E qual o nosso papel nisto tudo? Fernando Tavares Pereira já o disse na sua crónica primeira no Leonino: “o Sporting Clube de Portugal deveria estar representado em todos os órgãos nacionais e internacionais do desporto, para que possa contribuir para a isenção e transparência dos mesmos, e para que haja tratamento igual para todos os clubes”. E é isto.

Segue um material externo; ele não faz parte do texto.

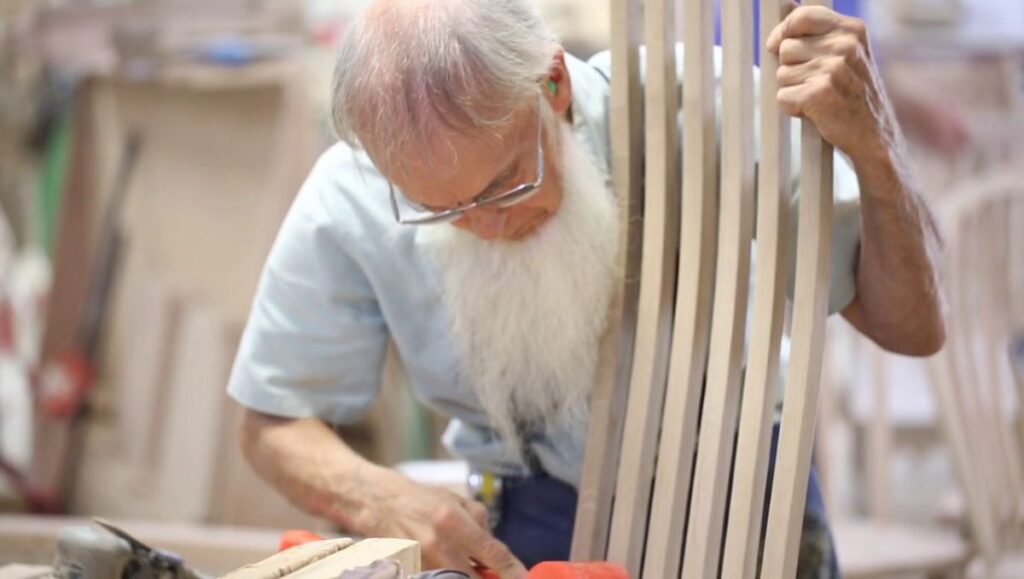 An Amish man making a furniture.
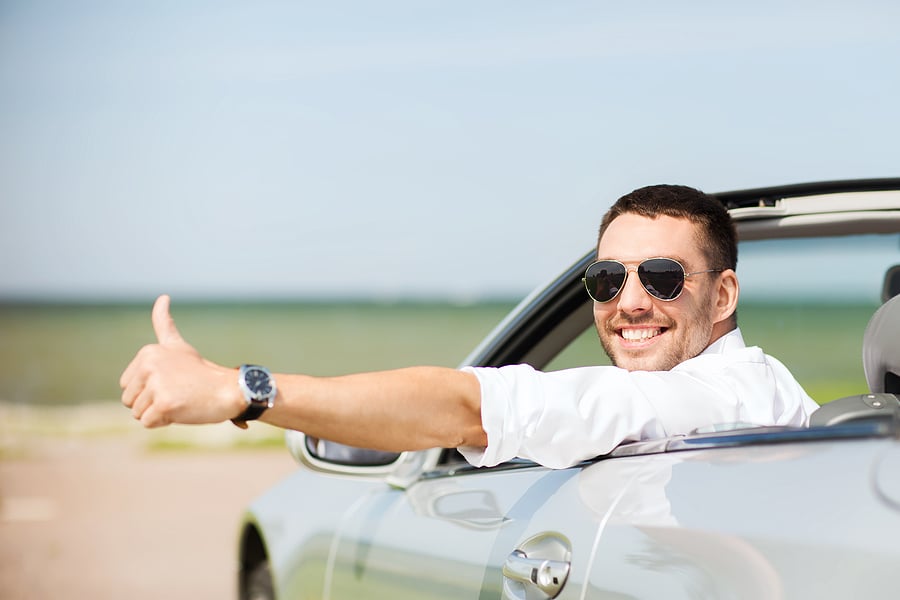 Man in convertible on vacation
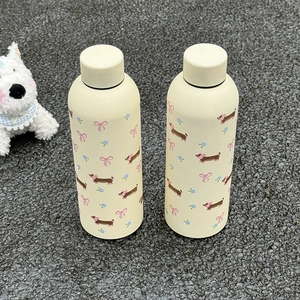 Détail de deux bouteilles isothermes en acier inoxydable crème avec motifs mignons de teckels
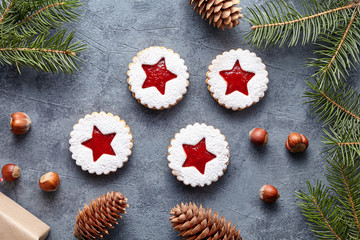 Obraz na płótnie Canvas Linzer star cookies with jam traditional Christmas baked sweet dessert shortbread food Xmas celebration pastry sugar powdered holiday snack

Quanto ao livro de Scruton (a sério, têm de o ler!), quase no fim, e teorizando sobre as formas de sustentar a continuada ilusão, combatendo quaisquer dúvidas que os seguidores e crentes tenham quanto ao caminho a seguir (mal!) identifica duas interessantes: a culpa transferida (o que acontece de mal é culpa dos outros) e a criação de bodes expiatórios (quando o “ilusionista” está prestes a ser desmascarado, entrega-se como vítima de sacrifício, alegando que os críticos são inimigos internos). E isto só se resolve com sentido de responsabilidade, verdade, transparência e também com uma aceitação das críticas e das opiniões. E isso dá muito trabalho, senhor doutor.

Desculpem se me alonguei. A partir daqui é sempre a melhorar.